Attempting to speak as a reader, rather than author, Eco insists that Rorty has focused on the against-interpretation aspects of Foucault’s Pendulum, while ignoring the anti-excess-interpretation elements. Eco doesn’t insist he is right, but he does think that the text itself, and not just their desires to prove their positions correct, constrains their debate. Anyway, Eco notes that Rorty’s discussion of the novel is so full of excuses (“I decided to read,” “The grid I impose on any book,” etc.), that it betrays a sense that when he interpreted the book Rorty was well aware not only that other readings were possible, but that he knew which ones.

To deny that there is a Ding an sich, or to affirm that “our knowledge is situational, holistic, and constructive,” does not overturn the fact that when we speak we are speaking of something. Even if every property of a subject-matter is relational, those properties are no less real for that. Eco champions a conjectural criticism in which interpretations may not be final or decisive, but they can be rejected as “bad or far-fetched.” It is enough for him “to recognize that it is not true that everything goes.” This amounts for Eco to an essential fallibilism that involves the practice of checking interpretations against the consensus of an interpretive community (Popper and Gadamer both rate approving mentions). Not every interpretation of a text is pertinent-there are both impossible pertinences and crazy pertinences: “The Titanic bumped into an iceberg and Freud lived in Berggasse, but such a pseudo-etymological analogy cannot justify a psychoanalytic explanation of the Titanic case.” What a spoil-sport this Eco is. Isn’t it fun to interpret texts in such an uninhibited manner-what Peirce calls “the play of musement”? Sometimes it is, Eco admits: “If my purpose were only to live pleasurably, why not use texts as though there were mescalin and why not decide that Beauty is Fun, Fun Beauty, that is all Ye know on Earth, and all ye need to know?”
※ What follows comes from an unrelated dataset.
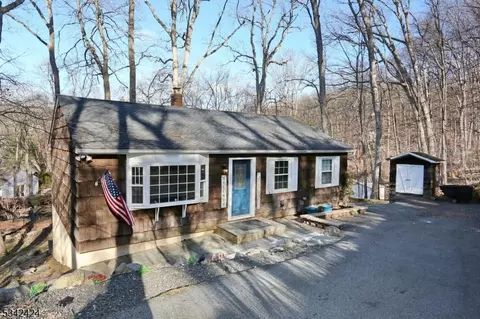 416 Cupsaw Dr, Ringwood, NJ 07456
Well, why not? Eco’s answer is that marvelling and curiosity is the source of all knowledge: “knowledge is a source of pleasure, and it is simply beautiful to discover why and how a given text can produce so many good interpretations.”

Here, it seems to me, we stumble on another of those persistent dualisms Rorty prefers to forget about. Or maybe not. It’s not a way of dividing reality, but of distinguishing the temperaments of philosophers. If anything marks the personality and writing of Umberto Eco, it is an insatiable curiosity, love, and sense of wonder about the world. He’s having a good time, to be sure, but good times aren’t the point. It’s rather that the world itself — in all its intractable, intricate, deliciously ambiguous, quotidian reality — is to Eco so astonishingly rich. It’s there on every page: this man is mad to know about things, not as a projection of his needs or wants, but as having their own intrinsic interest, indeed dignity. Kant was like that, come to think of it, and Aristotle too.

In contrast, the Rorty I find as model author of this text, taking his random walk through life, tossed this way and that depending on the books he’s most recently come across, seems such a tepid character. He position is consummately worked out, but it seems so boringly inward-directed, with every book a mirror, instead of a window. Again, the insistence that this is “pragmatism” is off-putting to me precisely because Umberto Eco, in his ebullient thirst to know, seems so much more like John Dewey than Richard Rorty (or Stanley Fish, for heaven’s sake).

Maybe this reduces everything too easily to a question of psychological temperament, and inadvertently verifies Rorty’s suspicions about philosophical debates. But among the many values of this book is that it manages so well to record the encounter of two opposed positions in philosophy which involve, arguments aside, two opposed personalities. The courtesy the contributors show one another does not obstruct — as it often does on public occasions — an understanding of what keeps these thinkers apart. Interpretation and Overinterpretation is an excellent book, one of most valuable contributions to literary theory of recent years.